Inspirée par sa propre relation amoureuse, l’artiste Sanja Marusic, installée à Amsterdam, compose Eutierria et Before You, deux séries picturales, marquées par sa fascination pour l’art et l’évolution de son couple.
Uniques, les compositions aux couleurs vibrantes de Sanja Marusic ne peuvent qu’attirer le regard. Mêlant corps, formes géométriques, palettes vives, sculptures humaines, peinture et retouches numériques, l’artiste développe un univers reconnaissable entre mille, au cœur duquel naissent des projets intimes. C’est à 14 ans que la photographe d’origine croate découvre le 8e art, grâce au boîtier de ses parents. Trois ans plus tard, elle entre en école d’art et commence à apprivoiser le médium. Aujourd’hui âgé de 29 ans, elle se fit à son intuition pour créer des œuvres graphiques, où les coups de pinceau croisent l’argentique. Un processus demandant une certaine concentration, une tête froide. Alternant commandes et travaux personnels, elle voyage aux quatre coins du monde et s’inspire des paysages qu’elle traverse pour ériger ses toiles photographiques.
Réalisée en 2019, Eutierria se lit comme une lettre passionnée à son époux.

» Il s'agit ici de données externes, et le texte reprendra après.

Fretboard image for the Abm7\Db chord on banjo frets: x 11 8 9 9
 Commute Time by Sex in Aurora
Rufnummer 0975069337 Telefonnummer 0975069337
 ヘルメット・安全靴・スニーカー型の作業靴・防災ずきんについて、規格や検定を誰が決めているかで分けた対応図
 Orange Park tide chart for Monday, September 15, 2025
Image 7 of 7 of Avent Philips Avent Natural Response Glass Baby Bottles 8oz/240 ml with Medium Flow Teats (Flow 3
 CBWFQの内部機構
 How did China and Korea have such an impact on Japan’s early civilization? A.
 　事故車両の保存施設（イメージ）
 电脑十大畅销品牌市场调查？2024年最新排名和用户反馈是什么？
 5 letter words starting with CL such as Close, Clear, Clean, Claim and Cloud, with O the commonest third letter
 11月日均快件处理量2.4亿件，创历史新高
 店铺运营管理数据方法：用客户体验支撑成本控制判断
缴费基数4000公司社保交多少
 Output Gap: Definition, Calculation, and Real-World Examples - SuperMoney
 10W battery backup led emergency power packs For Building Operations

Imaginée après leur mariage, la série encapsule leurs déambulations, ivres d’amour, dans un territoire psychédélique. Un an après, Sanja Marusic démarre Before You, un journal visuel bariolé, relatant les transformations de son corps durant sa grossesse. Deux travaux imaginés en écho, chacun faisant l’état des transformations d’une relation, de son avancée vers des profondeurs encore insoupçonnées.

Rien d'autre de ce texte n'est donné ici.